Wage Wars: ‘The Defining Challenge of Our Time’

As professionals in the home health care industry continue the ongoing fight for higher wages, so too are those in other industries.

From home health aides to employees at insurance companies, retailers and coffee shop chains, workers — and their employers — are joining the nationwide call for higher wages and benefits.

For some companies, stepping up pay and benefits for low-wage employees has not only benefitted their bottom line but also contributed to a culture that boosts motivation, decreases staff turnover and increases customer satisfaction.


So, as industries grapple with the issue, the question remains: “Can treating low-wage workers well become the hot new business strategy?”

As it turns out, this is the exact question posed in a recent Fast Company article, which highlights the changes some employers are making.

Health insurer Aetna, one of the companies making moves to pay and treat its employees better, recently announced that anyone who earned less than $16 an hour would get a raise, and that they could also choose less expensive health benefits next year.

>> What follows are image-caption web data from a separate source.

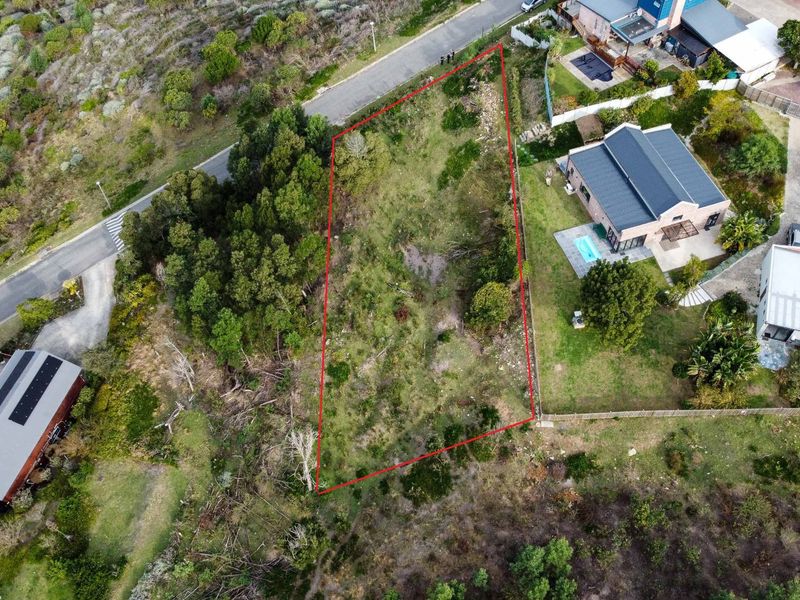 An aerial view of a vacant residential plot of land, clearly outlined in red, situated within a developed neighborhood.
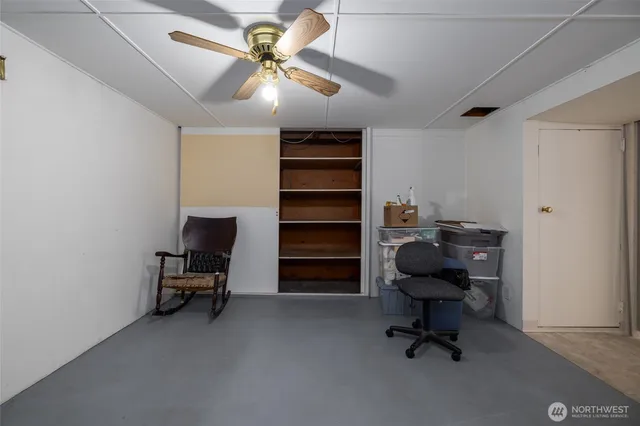 a view of a workspace with furniture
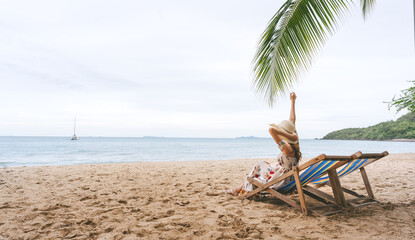 Rear view solo travel woman relaxing at the sandy beach sitting on sun bed summer holidays rest in southeast asia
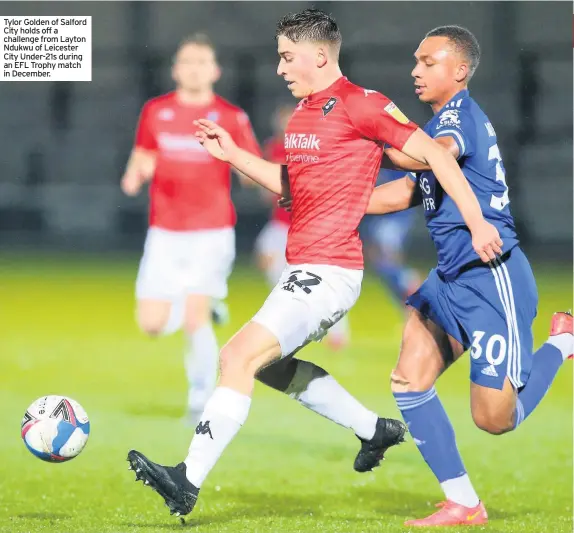  ??  ?? Tylor Golden of Salford City holds off a challenge from Layton Ndukwu of Leicester City Under-21s during an EFL Trophy match in December.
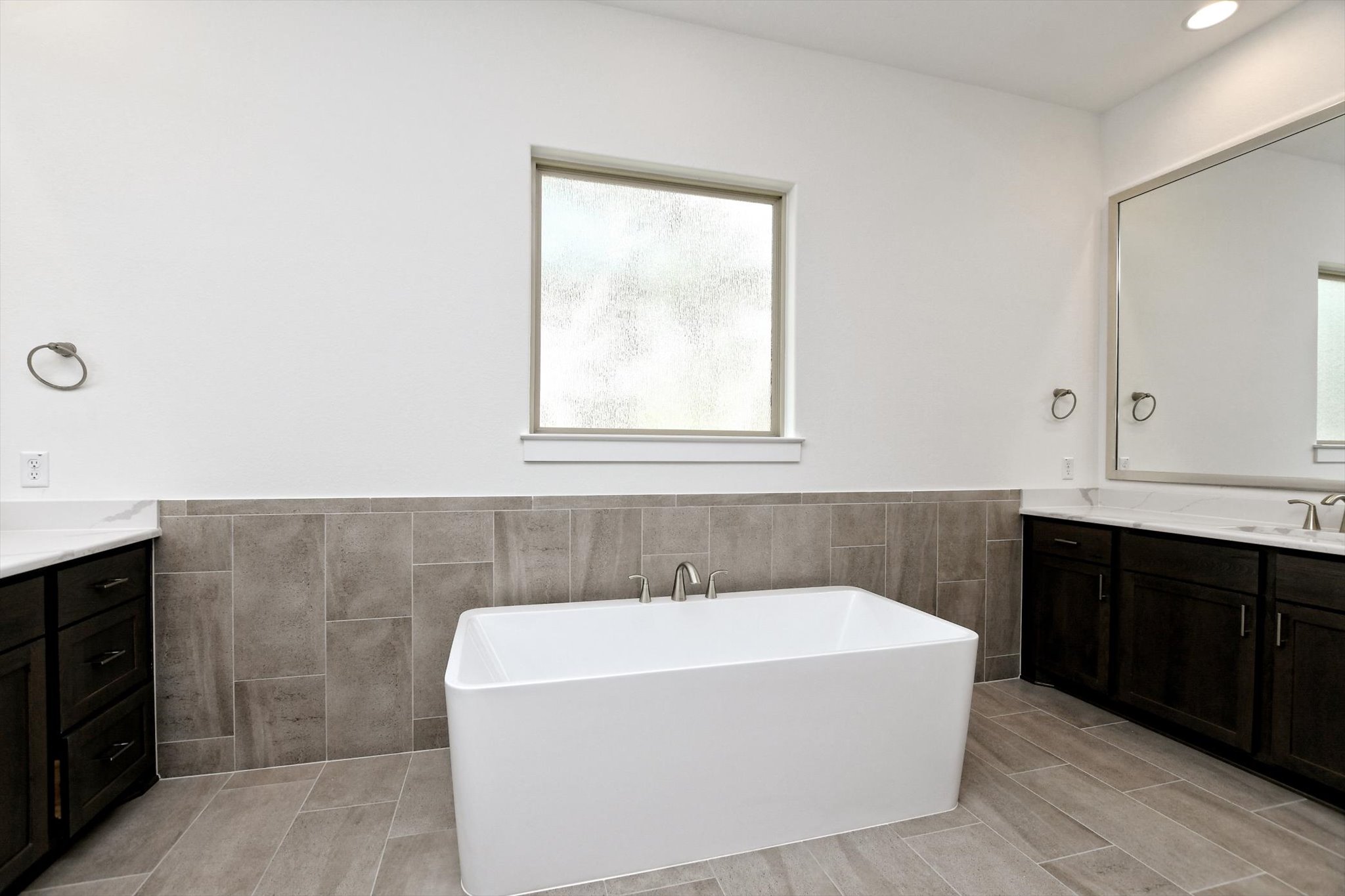 4828 Destination Way Jonestown, TX 78645 - Photo 21 of 33 a bathroom with a bathtub and a sink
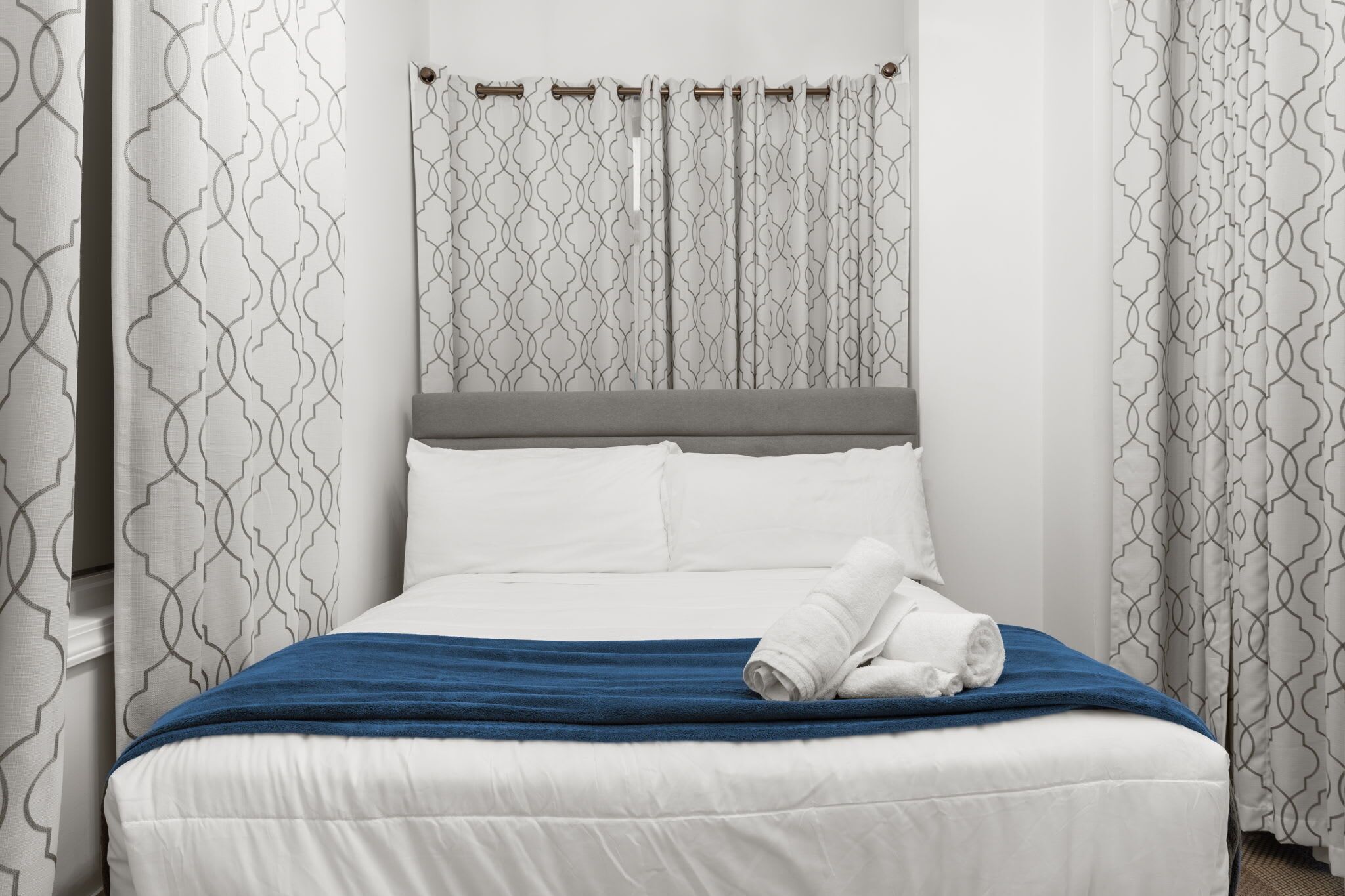 A neatly made bed with white bedding and a blue accent, a grey headboard, and patterned curtains.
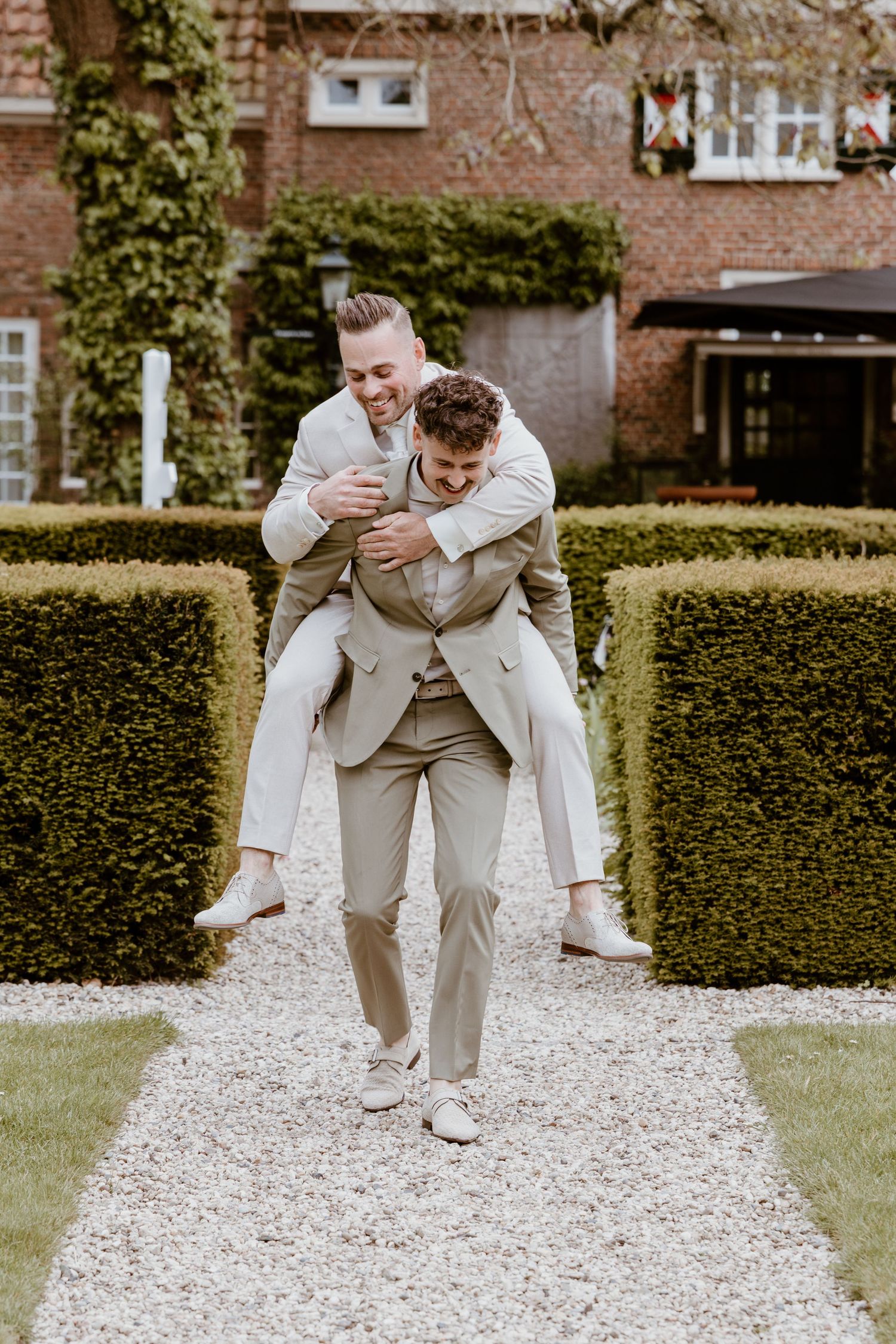 Two men in matching beige suits share a playful piggyback ride in a formal garden.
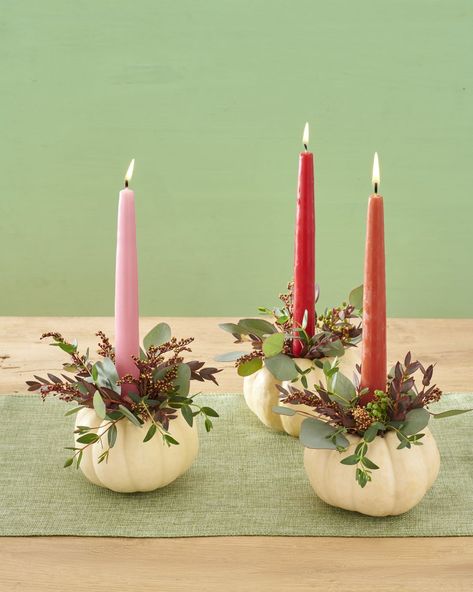 pumpkin candlesticks indoor halloween decorations Diy Halloween Luminaries, Pumpkin Candlesticks, Simple Floral Centerpieces, Diy Thanksgiving Decorations, Diy Thanksgiving Centerpieces, White Pumpkin Centerpieces, Thanksgiving Centerpieces Diy, Decoupage Pumpkins, Easy Diy Thanksgiving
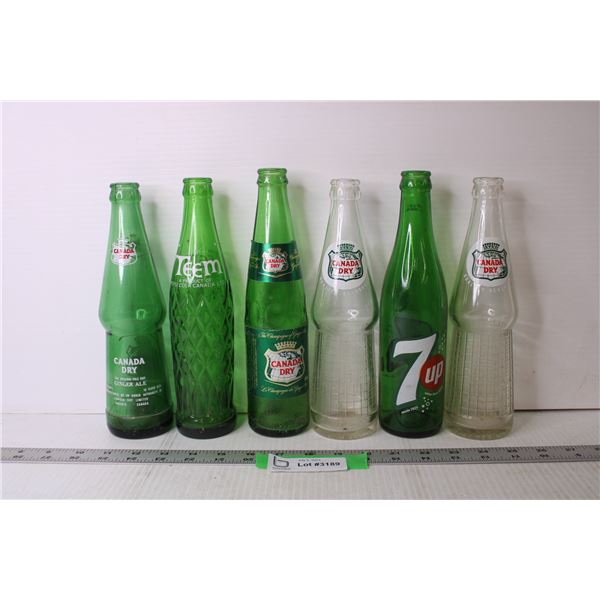 Assorted Glass Bottles - 7 Up and Canada Dry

The pay raise, Fast Company reports, would affect 5,700 of Aetna’s employees, or about 12% of its workforce.

What was the motivation behind CEO Mark Bertolini’s big decision?

“When you look at it you say, wow, we are a Fortune 50 company and we have employees who are on food stamps and putting their kids on Medicaid. Does this work? Is this fair?” he told Fox Business News.

Other companies, including Gap, Starbucks and Wal-Mart, have made similar announcements in the past year.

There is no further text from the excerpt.